Uma interessante escolha de Sandberg é garantir que a história não seja entregue de uma vez aos espectadores, permitindo que os espectadores se engolfem em uma crescente confusão que, pouco a pouco, começa a fazer sentido: Clover e seus amigos, ao voltarem à vida, são confrontados por um novo pesadelo que se alimenta de seus próprios medos, mais especificamente da tórrida e desequilibrada mente da protagonista, que é forçada a enfrentar demônios de um passado não muito distante como se fosse um ratinho de laboratório, escolhida a dedo por um sádico psicopata. Dessa maneira, os obstáculos que enfrentam são materializações de traumas que querem destruí-los por completo e transformá-los em sórdidas criaturas movidas pela total desesperança.
O projeto não é livre de erros, principalmente nas elipses que promove com a chegada do segundo ato, manchando o ritmo e transformando o enredo em um monótono compilado de tropos repetitivos. Todavia, o comprometimento do elenco é forte o suficiente para nos entreter e nos deixar sobressaltados aqui e ali, nos instigando através de atuações fortes e que correspondem aos arquétipos que representam – nutrindo de uma química sólida e de projeções cômicas que ajudam a dar dinamismo à atmosfera.

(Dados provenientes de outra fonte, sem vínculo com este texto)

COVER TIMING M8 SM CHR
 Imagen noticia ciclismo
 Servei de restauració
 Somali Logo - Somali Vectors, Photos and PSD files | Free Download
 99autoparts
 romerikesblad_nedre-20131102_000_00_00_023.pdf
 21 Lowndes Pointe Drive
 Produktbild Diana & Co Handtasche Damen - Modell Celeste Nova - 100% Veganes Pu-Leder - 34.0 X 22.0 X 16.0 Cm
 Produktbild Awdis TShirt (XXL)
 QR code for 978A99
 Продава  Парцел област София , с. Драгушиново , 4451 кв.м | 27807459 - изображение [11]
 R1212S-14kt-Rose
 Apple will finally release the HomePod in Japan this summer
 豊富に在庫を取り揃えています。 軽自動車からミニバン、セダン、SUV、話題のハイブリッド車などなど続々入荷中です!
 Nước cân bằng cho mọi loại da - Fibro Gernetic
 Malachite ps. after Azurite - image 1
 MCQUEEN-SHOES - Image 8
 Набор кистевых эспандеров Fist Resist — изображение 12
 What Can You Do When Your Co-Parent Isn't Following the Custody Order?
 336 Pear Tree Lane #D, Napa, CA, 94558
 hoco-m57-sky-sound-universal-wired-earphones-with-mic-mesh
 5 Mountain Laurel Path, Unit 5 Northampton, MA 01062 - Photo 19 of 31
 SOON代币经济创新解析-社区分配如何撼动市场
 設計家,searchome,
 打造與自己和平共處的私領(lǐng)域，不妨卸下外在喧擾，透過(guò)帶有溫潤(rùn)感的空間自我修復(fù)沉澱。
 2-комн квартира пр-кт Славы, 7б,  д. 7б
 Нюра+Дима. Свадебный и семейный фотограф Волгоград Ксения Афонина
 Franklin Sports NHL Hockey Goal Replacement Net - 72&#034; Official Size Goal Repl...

‘Until Dawn: Noite do Terror’ funciona dentro dos limites impostos pelas próprias fórmulas do gênero e, no geral, nos diverte com uma história descompromissada e despojada. Apesar de nutrir apenas de breves elementos em relação ao game original, essa livre adaptação cumpre com o prometido, mesmo que permeado por algumas falhas.